Variational Image Compression With a Scale Hyperprior¶

Introduction¶

Like all lossy compression methods, they operate on a simple principle: an image, typically modeled as a vector of pixel intensities $x$, is quantized, reducing the amount of information required to store or transmit it, but introducing error at the same time. Typically, it is not the pixel intensities that are quantized directly. Rather, an alternative (latent) representation of the image is found, a vector in some other space $y$, and quantization takes place in this representation, yielding a discrete-valued vector $yhat$. Because it is discrete, it can be losslessly compressed using entropy coding methods, such as arithmetic coding, to create a bitstream which is sent over the channel. Entropy coding relies on a prior probability model of the quantized representation, which is known to both encoder and decoder (the entropy model).

The smallest average code length an encoder-decoder pair can achieve, using a shared entropy model, is given by the Shannon cross entropy between the two distributions.

Note that this entropy is minimized if the model distribution is identical to the marginal. This implies that a fully factorized entropy model with statistical dependencies will lead to suboptimal compression performance.

One way conventional compression methods increase their compression performance is by transmitting side information: additional bits of information sent from the encoder to the decoder, which signal modifications to the entropy model intended to reduce the mismatch. In this scheme, the hope is that the amount of side information sent is smaller, on average, than the reduction of code length achieved by matching the entropy model more closely to the marginal for a particular image.

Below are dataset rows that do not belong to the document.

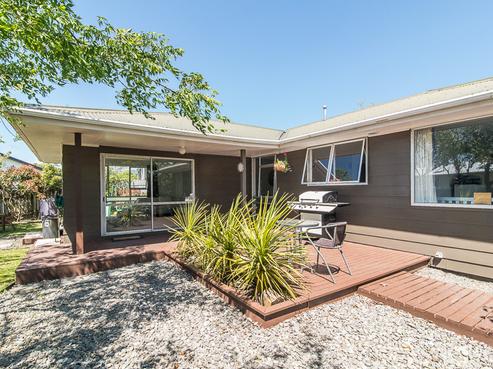 15 Campbell Avenue, Paraparaumu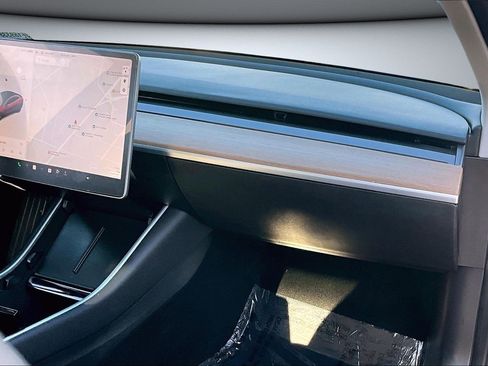 Used 2018 Tesla Model 3 Long Range image 22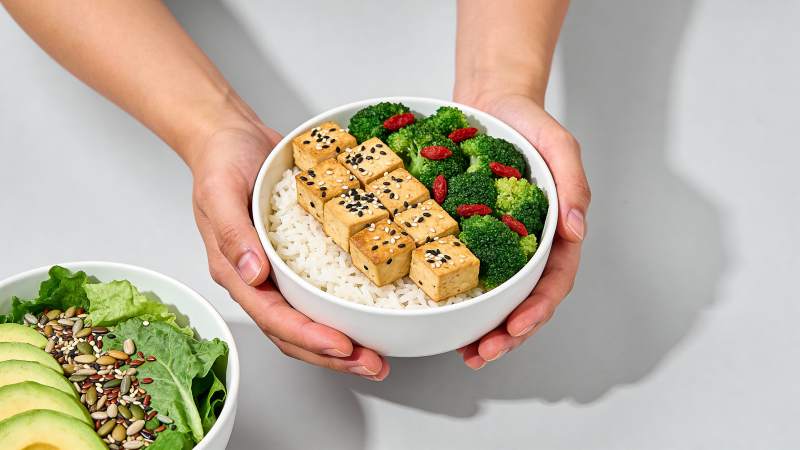 双手捧健康餐碗图片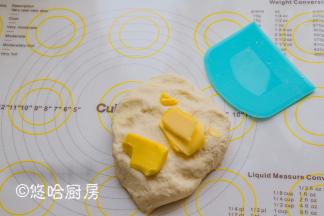 面团揉至光滑是加入已软化的黄油，继续揉搓。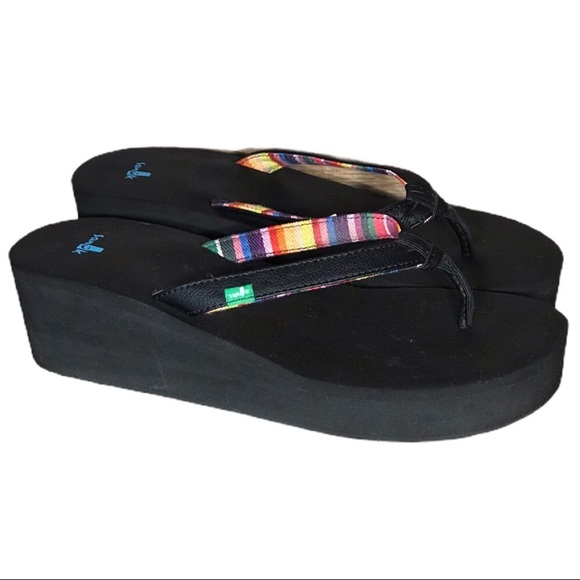 sanuk platform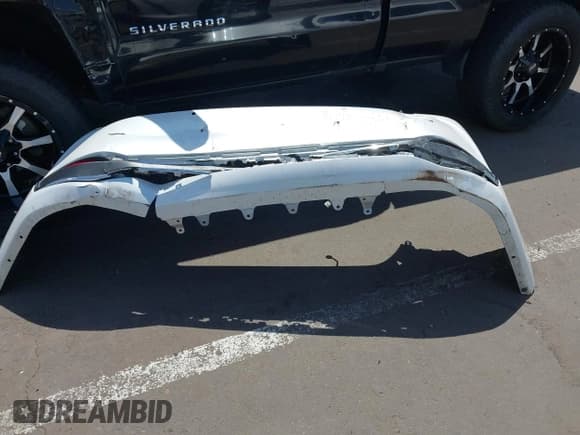 ✅ 2021 Lexus ES 300h • VIN: 58ADA1C13MU009089 • Lot: 42674472. Listed on IAAI with 31,924 mi. Free auction sales archive from the USA and detailed vehicle history report at DreamBid. Image 12.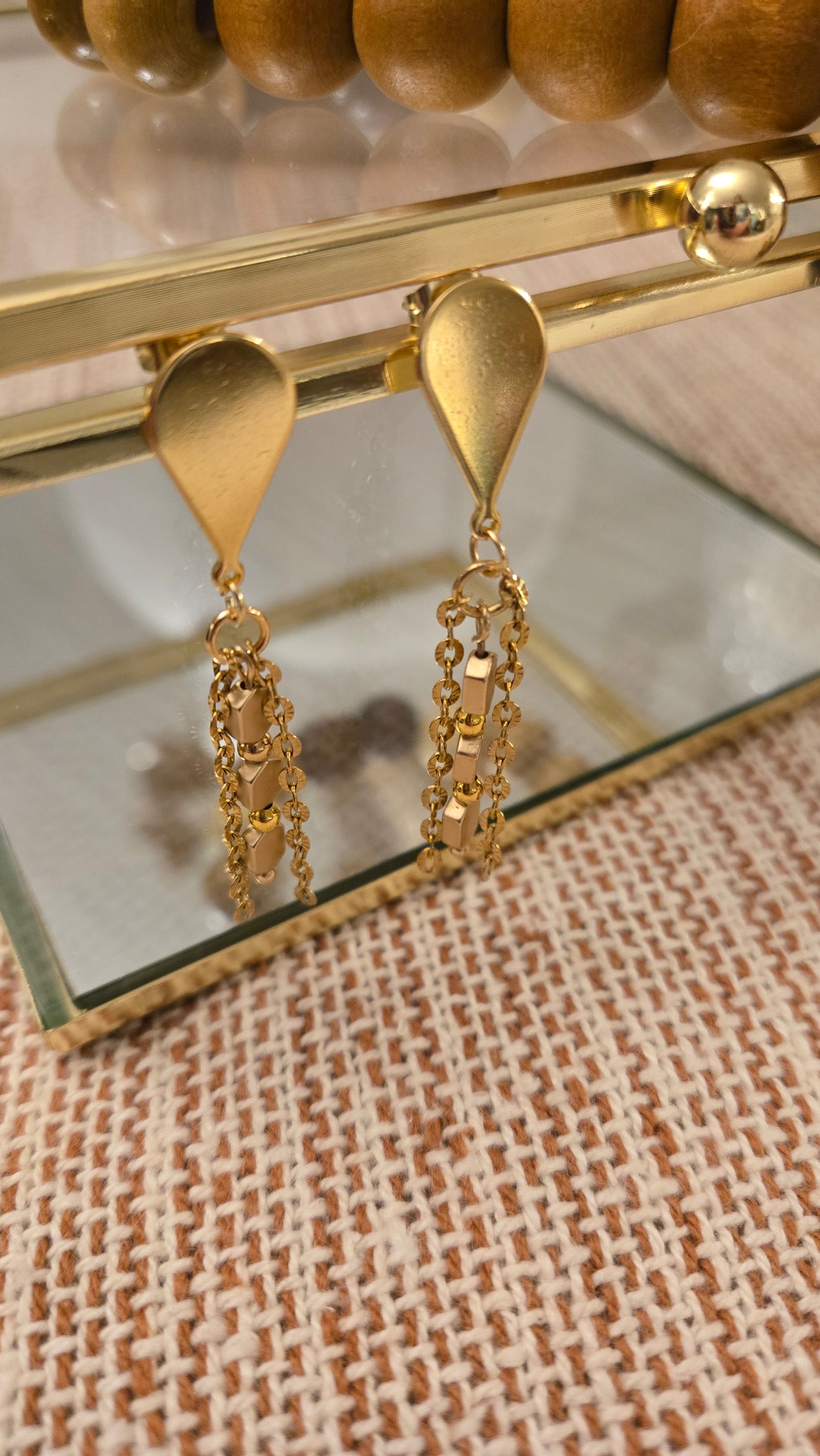Golden Chain Elegance Earrings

For example, JPEG models images as independent fixed-size blocks of 8 x 8 pixels. However, some image structure, such as large homogeneous regions, can be more efficient represented by considering larger blocks at a time. For this reason, recent works such as HEVC dynamically adapt the size of those blocks. For HEVC to work, the decoder needs to decode the side information first, so that it can use the correct entropy model to decode the block representations. This can be efficient due to the ability to choose a partitioning that optimizes the entropy model for each image.

But this is usually hand-designed. In contrast, the authors present a model that essentially learns a latent representation of the entropy model, in the same way that the underlying compression model learns a presentation of the image. This model is optimized by learning to balance the amount of side information with the expected improvement of the entropy model, by expressing the problem formally in terms of variational autoencoders (VAEs).

They use this formalism to show that side information can be viewed as a prior on the parameters of the entropy model, making them hyperpriors of the latent representation.